Entries taken from a collection:
********

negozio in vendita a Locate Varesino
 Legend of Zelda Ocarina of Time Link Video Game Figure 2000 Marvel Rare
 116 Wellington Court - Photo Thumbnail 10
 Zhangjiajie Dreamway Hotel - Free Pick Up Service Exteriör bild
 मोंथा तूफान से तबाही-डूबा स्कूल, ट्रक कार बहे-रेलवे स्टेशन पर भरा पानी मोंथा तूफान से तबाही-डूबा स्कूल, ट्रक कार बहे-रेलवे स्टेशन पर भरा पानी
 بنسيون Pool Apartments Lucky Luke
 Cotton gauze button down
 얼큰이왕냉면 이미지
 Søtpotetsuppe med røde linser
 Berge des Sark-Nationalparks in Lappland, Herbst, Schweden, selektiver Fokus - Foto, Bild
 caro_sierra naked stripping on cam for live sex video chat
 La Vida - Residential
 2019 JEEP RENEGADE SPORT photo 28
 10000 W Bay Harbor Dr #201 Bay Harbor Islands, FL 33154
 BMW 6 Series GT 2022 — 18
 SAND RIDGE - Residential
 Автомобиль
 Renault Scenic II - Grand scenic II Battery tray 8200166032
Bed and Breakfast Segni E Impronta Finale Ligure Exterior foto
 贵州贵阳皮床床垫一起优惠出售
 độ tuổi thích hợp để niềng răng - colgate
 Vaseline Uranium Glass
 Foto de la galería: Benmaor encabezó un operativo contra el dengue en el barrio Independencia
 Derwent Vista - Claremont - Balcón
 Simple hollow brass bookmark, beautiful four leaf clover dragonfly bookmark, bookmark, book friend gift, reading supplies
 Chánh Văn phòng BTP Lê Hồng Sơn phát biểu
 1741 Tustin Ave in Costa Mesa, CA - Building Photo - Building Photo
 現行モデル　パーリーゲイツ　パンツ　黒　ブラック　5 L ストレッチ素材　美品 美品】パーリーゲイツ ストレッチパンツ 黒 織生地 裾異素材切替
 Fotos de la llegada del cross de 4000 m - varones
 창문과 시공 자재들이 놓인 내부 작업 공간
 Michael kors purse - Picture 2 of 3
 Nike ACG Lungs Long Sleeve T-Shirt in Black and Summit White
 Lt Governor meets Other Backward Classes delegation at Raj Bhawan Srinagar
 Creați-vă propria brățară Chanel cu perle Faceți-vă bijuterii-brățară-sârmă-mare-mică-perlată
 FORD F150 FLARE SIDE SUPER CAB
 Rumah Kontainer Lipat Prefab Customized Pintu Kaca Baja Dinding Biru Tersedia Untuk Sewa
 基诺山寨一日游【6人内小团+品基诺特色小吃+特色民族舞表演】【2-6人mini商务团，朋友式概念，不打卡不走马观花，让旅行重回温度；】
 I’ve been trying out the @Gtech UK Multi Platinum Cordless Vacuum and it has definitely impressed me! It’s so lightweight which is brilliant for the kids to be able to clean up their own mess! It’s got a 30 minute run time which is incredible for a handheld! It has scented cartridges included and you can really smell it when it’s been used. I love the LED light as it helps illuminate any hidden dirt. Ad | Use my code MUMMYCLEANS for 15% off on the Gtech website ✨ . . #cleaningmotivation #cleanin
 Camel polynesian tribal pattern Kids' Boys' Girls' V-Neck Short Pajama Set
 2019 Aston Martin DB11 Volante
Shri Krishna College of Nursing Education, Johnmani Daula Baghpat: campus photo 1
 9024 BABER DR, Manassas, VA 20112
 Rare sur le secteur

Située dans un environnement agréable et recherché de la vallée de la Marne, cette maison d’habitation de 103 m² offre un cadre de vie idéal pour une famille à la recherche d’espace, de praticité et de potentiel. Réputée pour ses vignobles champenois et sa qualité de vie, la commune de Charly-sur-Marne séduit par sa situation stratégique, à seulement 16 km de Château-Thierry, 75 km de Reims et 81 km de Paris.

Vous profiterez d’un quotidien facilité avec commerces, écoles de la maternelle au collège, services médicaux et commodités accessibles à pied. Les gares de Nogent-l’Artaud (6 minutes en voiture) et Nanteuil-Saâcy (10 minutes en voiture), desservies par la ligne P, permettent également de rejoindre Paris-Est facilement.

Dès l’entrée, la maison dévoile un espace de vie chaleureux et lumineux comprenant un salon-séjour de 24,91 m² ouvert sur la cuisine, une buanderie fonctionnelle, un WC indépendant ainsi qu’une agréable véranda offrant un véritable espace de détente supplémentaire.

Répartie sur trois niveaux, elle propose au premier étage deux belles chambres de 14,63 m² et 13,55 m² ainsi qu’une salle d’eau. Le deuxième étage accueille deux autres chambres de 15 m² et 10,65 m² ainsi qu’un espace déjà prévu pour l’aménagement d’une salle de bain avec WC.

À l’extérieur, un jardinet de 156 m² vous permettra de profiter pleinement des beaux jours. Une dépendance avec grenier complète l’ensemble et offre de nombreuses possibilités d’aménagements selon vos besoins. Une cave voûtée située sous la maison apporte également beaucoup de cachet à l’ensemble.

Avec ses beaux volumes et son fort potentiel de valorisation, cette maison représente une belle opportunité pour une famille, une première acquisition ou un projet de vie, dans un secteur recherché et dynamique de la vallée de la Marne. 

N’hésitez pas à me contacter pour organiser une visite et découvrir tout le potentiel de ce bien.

********

Working from the records above, write out verbatim only the lines from the line containing "Foto de la galería: Benmaor" through the line containing "Michael kors purse - Picture 2 of 3".

§ **Final answer**:
 Foto de la galería: Benmaor encabezó un operativo contra el dengue en el barrio Independencia
 Derwent Vista - Claremont - Balcón
 Simple hollow brass bookmark, beautiful four leaf clover dragonfly bookmark, bookmark, book friend gift, reading supplies
 Chánh Văn phòng BTP Lê Hồng Sơn phát biểu
 1741 Tustin Ave in Costa Mesa, CA - Building Photo - Building Photo
 現行モデル　パーリーゲイツ　パンツ　黒　ブラック　5 L ストレッチ素材　美品 美品】パーリーゲイツ ストレッチパンツ 黒 織生地 裾異素材切替
 Fotos de la llegada del cross de 4000 m - varones
 창문과 시공 자재들이 놓인 내부 작업 공간
 Michael kors purse - Picture 2 of 3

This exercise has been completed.